--- START ---

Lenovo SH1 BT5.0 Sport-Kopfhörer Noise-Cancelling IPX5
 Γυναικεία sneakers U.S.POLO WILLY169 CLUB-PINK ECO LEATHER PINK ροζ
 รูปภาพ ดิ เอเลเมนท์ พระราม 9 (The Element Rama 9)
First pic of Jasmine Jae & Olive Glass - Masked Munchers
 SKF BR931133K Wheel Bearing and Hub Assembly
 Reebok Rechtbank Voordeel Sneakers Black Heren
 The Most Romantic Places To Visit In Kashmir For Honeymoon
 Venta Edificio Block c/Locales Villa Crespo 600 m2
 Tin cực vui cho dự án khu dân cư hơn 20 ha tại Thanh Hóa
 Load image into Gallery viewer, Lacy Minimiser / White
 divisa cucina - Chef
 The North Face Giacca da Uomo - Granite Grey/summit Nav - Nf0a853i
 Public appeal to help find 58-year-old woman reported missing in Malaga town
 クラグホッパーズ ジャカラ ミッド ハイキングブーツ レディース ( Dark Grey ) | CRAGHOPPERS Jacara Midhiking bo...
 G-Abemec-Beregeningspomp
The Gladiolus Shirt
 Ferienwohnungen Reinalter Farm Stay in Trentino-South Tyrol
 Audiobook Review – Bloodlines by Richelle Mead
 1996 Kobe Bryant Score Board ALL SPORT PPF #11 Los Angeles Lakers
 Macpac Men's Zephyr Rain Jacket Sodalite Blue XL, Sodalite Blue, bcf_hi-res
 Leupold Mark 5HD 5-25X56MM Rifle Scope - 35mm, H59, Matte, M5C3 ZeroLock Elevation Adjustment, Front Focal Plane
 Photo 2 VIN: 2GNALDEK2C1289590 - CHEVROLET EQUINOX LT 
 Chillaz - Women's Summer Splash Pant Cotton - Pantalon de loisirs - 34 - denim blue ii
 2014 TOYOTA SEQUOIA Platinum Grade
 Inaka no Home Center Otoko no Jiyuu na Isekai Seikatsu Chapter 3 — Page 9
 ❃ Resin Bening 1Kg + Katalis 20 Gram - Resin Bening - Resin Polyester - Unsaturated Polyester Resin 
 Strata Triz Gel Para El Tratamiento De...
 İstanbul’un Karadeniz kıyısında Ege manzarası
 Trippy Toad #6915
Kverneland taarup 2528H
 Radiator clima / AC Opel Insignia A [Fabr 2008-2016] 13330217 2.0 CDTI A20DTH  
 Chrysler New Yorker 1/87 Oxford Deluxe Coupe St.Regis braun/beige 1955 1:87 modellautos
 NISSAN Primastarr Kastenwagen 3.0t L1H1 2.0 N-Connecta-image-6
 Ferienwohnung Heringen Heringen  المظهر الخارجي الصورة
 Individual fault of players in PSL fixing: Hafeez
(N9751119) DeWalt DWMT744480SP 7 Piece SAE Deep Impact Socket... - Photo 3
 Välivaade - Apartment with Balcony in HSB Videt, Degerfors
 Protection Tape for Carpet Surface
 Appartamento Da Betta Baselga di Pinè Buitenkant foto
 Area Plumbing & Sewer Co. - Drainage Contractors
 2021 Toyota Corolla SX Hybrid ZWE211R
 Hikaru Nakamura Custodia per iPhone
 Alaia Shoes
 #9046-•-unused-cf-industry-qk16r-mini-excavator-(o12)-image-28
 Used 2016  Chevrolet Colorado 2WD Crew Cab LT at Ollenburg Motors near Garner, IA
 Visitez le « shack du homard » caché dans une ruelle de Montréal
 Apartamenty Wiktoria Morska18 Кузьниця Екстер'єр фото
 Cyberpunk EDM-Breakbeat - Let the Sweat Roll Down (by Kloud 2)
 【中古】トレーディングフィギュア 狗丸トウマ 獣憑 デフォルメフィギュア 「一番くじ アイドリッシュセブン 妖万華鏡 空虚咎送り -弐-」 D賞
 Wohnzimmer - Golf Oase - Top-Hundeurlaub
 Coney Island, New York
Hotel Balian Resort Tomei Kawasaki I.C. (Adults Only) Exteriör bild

--- END ---

### Problem description
Repeat only the lines above, from the first line of the entries through the line that contains "Ferienwohnung Heringen Heringen", including both ends.

### Task response
Lenovo SH1 BT5.0 Sport-Kopfhörer Noise-Cancelling IPX5
 Γυναικεία sneakers U.S.POLO WILLY169 CLUB-PINK ECO LEATHER PINK ροζ
 รูปภาพ ดิ เอเลเมนท์ พระราม 9 (The Element Rama 9)
First pic of Jasmine Jae & Olive Glass - Masked Munchers
 SKF BR931133K Wheel Bearing and Hub Assembly
 Reebok Rechtbank Voordeel Sneakers Black Heren
 The Most Romantic Places To Visit In Kashmir For Honeymoon
 Venta Edificio Block c/Locales Villa Crespo 600 m2
 Tin cực vui cho dự án khu dân cư hơn 20 ha tại Thanh Hóa
 Load image into Gallery viewer, Lacy Minimiser / White
 divisa cucina - Chef
 The North Face Giacca da Uomo - Granite Grey/summit Nav - Nf0a853i
 Public appeal to help find 58-year-old woman reported missing in Malaga town
 クラグホッパーズ ジャカラ ミッド ハイキングブーツ レディース ( Dark Grey ) | CRAGHOPPERS Jacara Midhiking bo...
 G-Abemec-Beregeningspomp
The Gladiolus Shirt
 Ferienwohnungen Reinalter Farm Stay in Trentino-South Tyrol
 Audiobook Review – Bloodlines by Richelle Mead
 1996 Kobe Bryant Score Board ALL SPORT PPF #11 Los Angeles Lakers
 Macpac Men's Zephyr Rain Jacket Sodalite Blue XL, Sodalite Blue, bcf_hi-res
 Leupold Mark 5HD 5-25X56MM Rifle Scope - 35mm, H59, Matte, M5C3 ZeroLock Elevation Adjustment, Front Focal Plane
 Photo 2 VIN: 2GNALDEK2C1289590 - CHEVROLET EQUINOX LT 
 Chillaz - Women's Summer Splash Pant Cotton - Pantalon de loisirs - 34 - denim blue ii
 2014 TOYOTA SEQUOIA Platinum Grade
 Inaka no Home Center Otoko no Jiyuu na Isekai Seikatsu Chapter 3 — Page 9
 ❃ Resin Bening 1Kg + Katalis 20 Gram - Resin Bening - Resin Polyester - Unsaturated Polyester Resin 
 Strata Triz Gel Para El Tratamiento De...
 İstanbul’un Karadeniz kıyısında Ege manzarası
 Trippy Toad #6915
Kverneland taarup 2528H
 Radiator clima / AC Opel Insignia A [Fabr 2008-2016] 13330217 2.0 CDTI A20DTH  
 Chrysler New Yorker 1/87 Oxford Deluxe Coupe St.Regis braun/beige 1955 1:87 modellautos
 NISSAN Primastarr Kastenwagen 3.0t L1H1 2.0 N-Connecta-image-6
 Ferienwohnung Heringen Heringen  المظهر الخارجي الصورة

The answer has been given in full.